The main technical hurdle remains long-term stability under UV exposure and moisture ingress—issues which Swift claims it has addressed through advanced encapsulation techniques developed with ARPA-E funding since 2019.

Tactical Microgrids Meet Cyber-Contested Environments

The decision to deploy these modules during a cyber-focused exercise underscores another key trend: convergence between energy infrastructure and digital resilience. As battlefield networks become more distributed—and adversaries target critical infrastructure via EW or malware—the ability to operate independently from centralized grids becomes vital.

Cyber Quest scenarios included simulated jamming attacks on GPS signals and attempts to disrupt power management software via spoofed sensor inputs. The microgrids incorporating Swift’s PV tech were evaluated for their ability to maintain uptime and autonomously reconfigure loads when communication links were severed—a capability known as “islanding.”

This aligns with broader DoD interest in “cyber-informed engineering” approaches where physical infrastructure is designed with embedded cybersecurity features from inception—not bolted on after deployment.

DARPA, DIU Among Agencies Watching Closely

The demonstration drew observers from multiple defense innovation entities including the Defense Innovation Unit (DIU), DARPA’s Energy Web program team, Army Rapid Capabilities Office (RCO), and representatives from Project Pele—the mobile nuclear reactor initiative exploring hybrid energy architectures for forward bases.

No formal procurement announcements have yet followed the demo; however, sources familiar with the matter told MiliVox that follow-on evaluations may occur at Yuma Proving Ground later this year under Project Convergence experimentation tracks focused on logistics autonomy and persistent ISR nodes powered by renewables.
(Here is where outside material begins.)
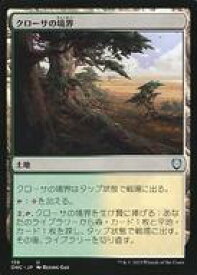 card309040-series210423-rarity323478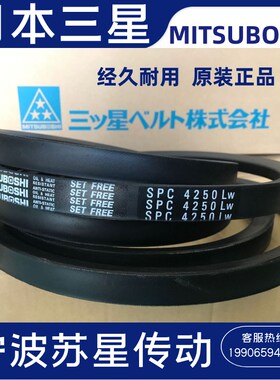 日本三之星MITSUBOSHI三角带 SPC2300 SPC2335 SPC2360 SPC2400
Implications for Future Force Design

If proven viable at scale, perovskite-based systems could reshape how expeditionary forces approach power generation—reducing reliance on diesel logistics tails while enabling more agile force packages operating independently across dispersed terrain (“lily pad” basing).

This would complement ongoing efforts such as the U.S. Marine Corps’ “Expeditionary Advanced Base Operations” (EABO) concept or SOCOM’s push toward silent watch capabilities using hybrid-electric vehicles paired with organic generation assets like foldable PV arrays or kinetic chargers.

Ahead: From Demo to Deployment?

The path from prototype demo to program-of-record adoption remains long—but initiatives like this underscore how dual-use clean tech is increasingly intersecting with national security imperatives. With continued maturation of encapsulation durability—and validation through soldier feedback loops—the prospect of fieldable perovskites may soon move from lab bench curiosity to standard kit item within modular sustainment packages across services.